Solomon returns to evaluating from the perspective of human reason and experience. He observes the vanity of injustice. Mankind's failure to steward justice in this world makes existence on earth unenviable.

Solomon has already observed that nature is full of cycles. He writes much of Ecclesiastes by cycling back to the same topic and commenting on it anew. He takes a second look at oppression from the standpoint of human reason and experience.

As Solomon looked again at all the acts of oppression which were being done under the sun, he reconsiders the conclusions made at the end of Chapter 3. Namely, that although God has everything under control in His time, mankind suffers from the injustices at the hands of oppressors. Solomon observed in Chapter 3 that both wicked and righteous will give an account of their lives in the Day of Judgment. He now looked again at the acts of oppression. Solomon is doing a deeper dive on the reality of humans harming one another.

Solomon comments on acts of oppression by one human against another. This is a clear connector to the passage in Chapter 3 that talks about the distorted nature of the world—"in the place of judgment there was wickedness." Here, he talks about the tears of the oppressed and that they have no one to comfort them. The oppressors are equipped with power. What do humans do when they get power? They could use it to bless, but instead use it to oppress.

And for the oppressed, they had no one to comfort them. The nature of oppression is a lack of care about others. When oppressors are using their power, influence, wealth or position to oppress, it only follows that they will not apply their resources to comfort. The word for comfort is nacham, which literally means "to sigh." This perhaps indicates that those with power don't feel a twinge of care about those who are oppressed. They appear to be only self-centric, only caring about themselves. Other people are merely a means to something the oppressors want.

This idea of sighing has a ring of vapor to it. If all of life is filled with anyone who gains power predictably oppressing others with it, then isn't life nothing but futility? Doesn't that prove that all is vanity? Solomon says in verse 2 that he congratulated the dead who are already dead. The dead are congratulated more than the living. They have escaped the tears that come from oppression. Because the dead are freed from this systemic oppression of those who lack power. They have escaped the futility, the vanity.

But better off than both of them is the one who has never existed. The dead have been given reprieve from oppression, but the one who has not been born has never known it or its effects. The living are worse off because they must deal with this reality every day.

The one who has never existed is never subjugated to the plight of the oppressed (or the shameful sin of being an oppressor). But even more universal, the one who has never been born does not have to contend with the frustration of feeling impotent in the face of injustice. They have never seen the evil activity done under the sun, a wider net than simply those who experience the oppression.

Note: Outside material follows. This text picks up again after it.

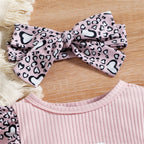 Lioraitiin 0-18M Newborn Infant 2Pcs Baby Girls Outfit Letter Leopard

In the midst of vanity, with limited capacity to comprehend, resulting in a lack of certainty or clarity, mankind is destined to struggle with perversions and evil activity. If this is all there is, it is better not to be alive. For then you would not have to observe all the evil activity that is done under the sun.

Solomon is once more commenting from human reason and experience. He will continue to cycle observations from reason and experience with observations from faith.